Hey--could I trouble you to go read my dissertation under the '87-'96 forum, entitled "Spongy Brake Pedal?" Because I have a question about the RABS valve. Is that right inside the frame rail, just about directly under the Master Cylinder? Because I don't have the "bleeder rod" in what I thought was the proportioning valve on my '88 F-150. It just doesn't have one.

I'm thinking that what I thought was just the proportioning valve MUST also be the RABS valve as well, because I replaced the hyd. line to the rear, and there IS no other valve that would/could activate rear ABS.

So the RABS must also incorporate the standard proportioning/differential valve which would normally be found on a truck with no abs, right?

What's beginning to concern me more than the spongy pedal is the fact that the red BRAKE light is not coming on when I turn the ignition on, though all the other idiot lights do, including the ABS light. Yet the red BRAKE light comes on when I push the E-brake, at least, most times it does, so the bulb can't be bad.

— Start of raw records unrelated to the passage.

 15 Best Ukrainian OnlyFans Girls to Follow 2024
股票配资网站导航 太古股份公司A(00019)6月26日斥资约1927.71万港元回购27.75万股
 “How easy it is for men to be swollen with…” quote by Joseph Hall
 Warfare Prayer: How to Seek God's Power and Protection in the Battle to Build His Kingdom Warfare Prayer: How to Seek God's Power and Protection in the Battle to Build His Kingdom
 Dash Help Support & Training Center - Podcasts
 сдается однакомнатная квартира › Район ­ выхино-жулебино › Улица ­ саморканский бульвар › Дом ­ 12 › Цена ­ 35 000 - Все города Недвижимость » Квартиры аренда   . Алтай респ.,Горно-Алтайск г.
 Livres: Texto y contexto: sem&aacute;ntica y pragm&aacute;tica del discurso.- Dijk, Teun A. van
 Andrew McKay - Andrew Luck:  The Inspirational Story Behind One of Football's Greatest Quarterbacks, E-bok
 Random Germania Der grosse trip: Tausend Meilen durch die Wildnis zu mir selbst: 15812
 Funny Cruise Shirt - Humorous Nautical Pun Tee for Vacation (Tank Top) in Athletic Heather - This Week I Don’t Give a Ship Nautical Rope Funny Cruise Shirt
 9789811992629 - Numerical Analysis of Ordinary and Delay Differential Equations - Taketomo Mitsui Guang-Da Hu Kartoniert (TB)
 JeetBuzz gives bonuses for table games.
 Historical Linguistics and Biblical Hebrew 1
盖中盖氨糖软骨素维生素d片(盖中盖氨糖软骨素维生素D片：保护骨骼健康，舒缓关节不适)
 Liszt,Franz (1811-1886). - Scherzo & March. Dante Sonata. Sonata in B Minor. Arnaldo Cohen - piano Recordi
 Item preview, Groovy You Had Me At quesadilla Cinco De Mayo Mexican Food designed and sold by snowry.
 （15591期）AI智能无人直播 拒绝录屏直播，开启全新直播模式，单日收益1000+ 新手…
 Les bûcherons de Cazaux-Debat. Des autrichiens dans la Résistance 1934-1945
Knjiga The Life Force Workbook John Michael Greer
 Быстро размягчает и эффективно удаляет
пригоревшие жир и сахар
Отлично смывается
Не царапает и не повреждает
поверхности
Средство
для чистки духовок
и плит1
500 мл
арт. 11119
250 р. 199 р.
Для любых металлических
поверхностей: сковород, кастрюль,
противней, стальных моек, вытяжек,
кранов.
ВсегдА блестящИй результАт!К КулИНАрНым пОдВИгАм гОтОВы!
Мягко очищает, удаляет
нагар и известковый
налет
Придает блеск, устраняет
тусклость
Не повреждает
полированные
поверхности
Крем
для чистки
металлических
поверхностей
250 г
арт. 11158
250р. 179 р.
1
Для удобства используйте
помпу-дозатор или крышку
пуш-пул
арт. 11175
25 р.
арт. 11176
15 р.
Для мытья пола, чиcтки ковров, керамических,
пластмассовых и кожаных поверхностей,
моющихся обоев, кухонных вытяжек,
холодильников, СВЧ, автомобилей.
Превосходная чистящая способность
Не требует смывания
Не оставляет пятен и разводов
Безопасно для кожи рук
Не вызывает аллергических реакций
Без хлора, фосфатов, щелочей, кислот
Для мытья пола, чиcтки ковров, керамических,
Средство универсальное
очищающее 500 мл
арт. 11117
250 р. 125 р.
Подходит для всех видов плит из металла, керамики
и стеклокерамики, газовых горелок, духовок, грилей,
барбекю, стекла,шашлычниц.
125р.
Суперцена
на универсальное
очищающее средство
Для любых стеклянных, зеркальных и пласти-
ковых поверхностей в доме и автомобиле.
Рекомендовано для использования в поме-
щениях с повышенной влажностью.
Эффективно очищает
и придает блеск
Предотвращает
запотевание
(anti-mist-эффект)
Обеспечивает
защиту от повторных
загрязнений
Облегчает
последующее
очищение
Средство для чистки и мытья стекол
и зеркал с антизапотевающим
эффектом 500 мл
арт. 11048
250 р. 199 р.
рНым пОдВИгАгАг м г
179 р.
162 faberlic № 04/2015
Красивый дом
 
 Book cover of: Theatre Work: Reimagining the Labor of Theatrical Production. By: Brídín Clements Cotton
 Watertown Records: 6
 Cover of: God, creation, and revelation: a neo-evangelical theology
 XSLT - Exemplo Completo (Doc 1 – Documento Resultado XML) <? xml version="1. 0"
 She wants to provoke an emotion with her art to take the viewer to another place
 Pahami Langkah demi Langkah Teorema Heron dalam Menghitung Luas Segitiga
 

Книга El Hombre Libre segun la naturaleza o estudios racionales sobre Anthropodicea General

Shouldn't the red BRAKE light come on with the other idiot lights, then go off after two seconds?

Also, I bled the bleed nipple on the RABS/proportioning vavle (if that's what it is). Was I not supposed to do this?

Re: the order, I did it first, before going: RR, LR, RF and LF. Actually, in the very first bleed, I also came back to it again, I believe, after doing the RR, but I only got air out of it the very first time I bled the nipple on the proportioning valve.

Just wondering if my MS is bad, and why the red light isn't coming on, and WTF I'm supposed to do with the bleed nipple on the proportioning valve, and in what order, wheelwise. Oh, and what I'm supposed to do since there's no "bleeder rod" on my proportioning valve-lol.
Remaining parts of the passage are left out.